In a conversation with a friend, he speculated Tiger wouldn't last into old age, (his late 40's), because as age accumulated the stress and strain on the bones and muscles, the finesse needed to shape shots should deteriorate. I disagreed, saying Tiger is one of the most intelligent people in recent years to play the game. When his current skill level starts to deteriorate, I bet he recognizes it and makes adaptations to accomodate what he can still do at that point.

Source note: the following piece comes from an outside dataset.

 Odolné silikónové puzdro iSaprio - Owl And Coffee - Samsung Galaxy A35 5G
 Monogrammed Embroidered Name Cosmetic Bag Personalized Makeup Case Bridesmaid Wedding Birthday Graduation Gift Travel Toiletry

If Tiger in his old age becomes one of those who can only go one way, but it let's him keep winning, I think he will still be one of the most fun players to watch.


----------



## thor (Mar 22, 2007)

Annika

Paul Azinger

Corey Pavin


----------



## 373 (Jun 9, 2006)

I'd be interested to know how Corey Pavin has impressed you... That's a pretty interesting choice...


----------



## Butz (Nov 17, 2006)

DennisM said:


> Hey Butz... Picking Bobby Jones is an interesting angle. I have a couple books and dvd's about him, but because he was so much older than me and I obviously can't remember him as an active player, I never considered him. You are right though, the man was the ULTIMATE role model in golf and in life. Others may match him someday, but nobody could ever beat him..


Hey Sir DennisM,

Same as you, I have a couple of books and his movie, entitled "Stroke of Genius" or something like that.

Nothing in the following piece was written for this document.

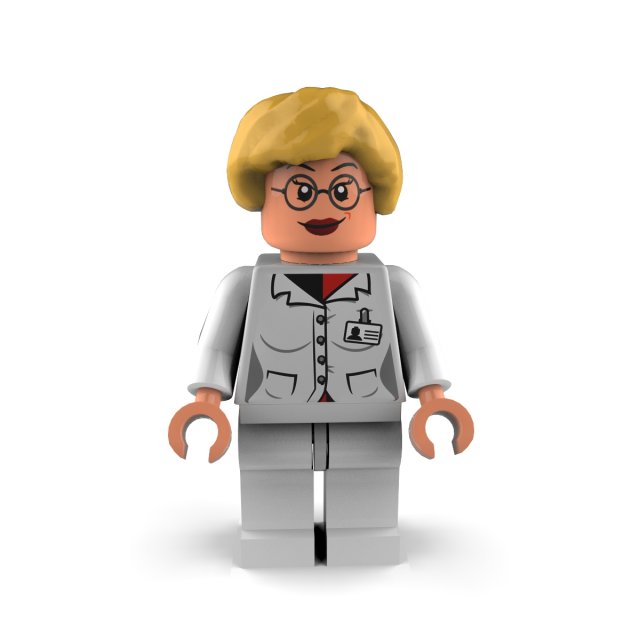 harley quinn lego 3D 모델 .c4d .max .obj .3ds .fbx .stl .blend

I was just amazed at how he learned to play Golf when he was a young boy just by watching an adult Golfer play Golf. No Golf Pro lessons for him, and yet he became a Legend


----------



## Chivas (Apr 5, 2007)

Natalie Gulbis.........you know why


----------



## 373 (Jun 9, 2006)

Aw, c'mon Chivas.... tell us you really appreciate something about her other than her face... her body... her smile... There's a rumor going around that the girl can play golf, but I don't know whether anyone has ever noticed that part of it...

I really wanted to know who we like for other reasons... C'mon folks, is there so little idol worship or poetry left in us?


----------



## jump15vc (Jul 30, 2006)

she putts like happy gilmour though lol


----------



## CallaCobra (Apr 14, 2007)

I like geoff Ogilvy....

i like the Cobra sponsorship and i think that the way he hits his woods and driver are amazing.


----------



## Chivas (Apr 5, 2007)

ok I really like camillo vwhateverhislastnameis. I like him because he is a different player. He has a very serious face and I his putt reading technique is awsome!


----------



## Butz (Nov 17, 2006)

Chivas said:


> ok I really like camillo vwhateverhislastnameis. I like him because he is a different player. He has a very serious face and I his putt reading technique is awsome!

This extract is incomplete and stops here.